- Dia Mundial das Doenças Raras é lembrado em 29 de fevereiro; OMS aponta que doenças raras afetam até 65 por 100 mil pessoas, e o Ministério da Saúde estima cerca de 13 milhões de brasileiros convivendo com cerca de 8 mil doenças raras identificadas no mundo.
- Padre Marlon Múcio, diagnosticado com Deficiência do Transportador de Riboflavina, é um dos 15 brasileiros com a síndrome e ajudou a fundar a Casa de Saúde Nossa Senhora dos Raros, em Taubaté, São Paulo.
- A casa oferece atendimento ambulatorial gratuito a pacientes com doenças raras, via demanda espontânea ou parceria com a prefeitura, com triagem por formulário online.
- O projeto Genomas Raros, apoiado pelo Einstein Hospital Israelita e pelo Proadi-SUS, realiza sequenciamento genético para pacientes do SUS, com cerca de 10 mil sequenciamentos já realizados.
- O Ministério da Saúde ressalta a importância do diagnóstico precoce e de ações para equidade no cuidado, com foco na construção de redes de atendimento e no uso de exames genéticos para reduzir a jornada até o diagnóstico.
O Dia Mundial das Doenças Raras é observado em 29 de fevereiro, data que ressalta o impacto dessas condições. Mesmo não sendo bissexto neste ano, a mobilização segue lembrada ao final de fevereiro, para ampliar o acesso a diagnóstico e tratamento.
Segundo a OMS, doenças raras afetam até 65 pessoas por 100 mil. No Brasil, estima-se que cerca de 13 milhões convivam com uma das quase 8 mil síndromes identificadas no mundo. O diagnóstico costuma levar tempo e requer acompanhamento especializado.
Grande parte das enfermidades tem origem genética e não possui cura definitiva. Com tratamento adequado, a qualidade de vida pode melhorar bastante. A realidade de quem luta pelo diagnóstico motivou iniciativas de acolhimento e tecnologia.
Casa de Saúde Nossa Senhora dos Raros
Padre Marlon Múcio, diagnosticado com Deficiência do Transportador de Riboflavina, é um dos casos que sinalizam a importância de centros especializados. Ele participou da fundação da hospitalidade voltada a raros, em Taubaté, SP, em 2023.
A Casa de Saúde Nossa Senhora dos Raros, criada pelo Instituto Vidas Raras, é gratuita e atende pacientes com doenças raras de várias regiões. O atendimento ocorre por ambulatorial, com triagem online e encaminhamentos via prefeitura ou demanda espontânea.

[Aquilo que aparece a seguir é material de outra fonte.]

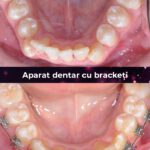 cea mai buna clinica aparat dentar bucuresti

A diretora médica da Casa, Manuella Galvão, atuou na identificação do caso do padre e destaca o papel da instituição como referência em acolhimento multidisciplinar. Ao todo, já foram atendidas mais de 3 mil pessoas, com média mensal entre 170 e 200 pacientes.
Genomas Raros
O projeto Genomas Raros, iniciado em 2019, integra o Einstein Hospital Israelita e o Proadi-SUS. A iniciativa usa sequenciamento genético para pacientes do SUS com doenças raras ou risco hereditário de câncer, buscando diagnóstico rápido.
Conduzido com pacientes encaminhados pela rede pública, o programa já realizou sequenciamento em cerca de 10 mil pessoas. O objetivo é demonstrar a viabilidade do teste dentro do SUS e facilitar o acesso a terapias adequadas.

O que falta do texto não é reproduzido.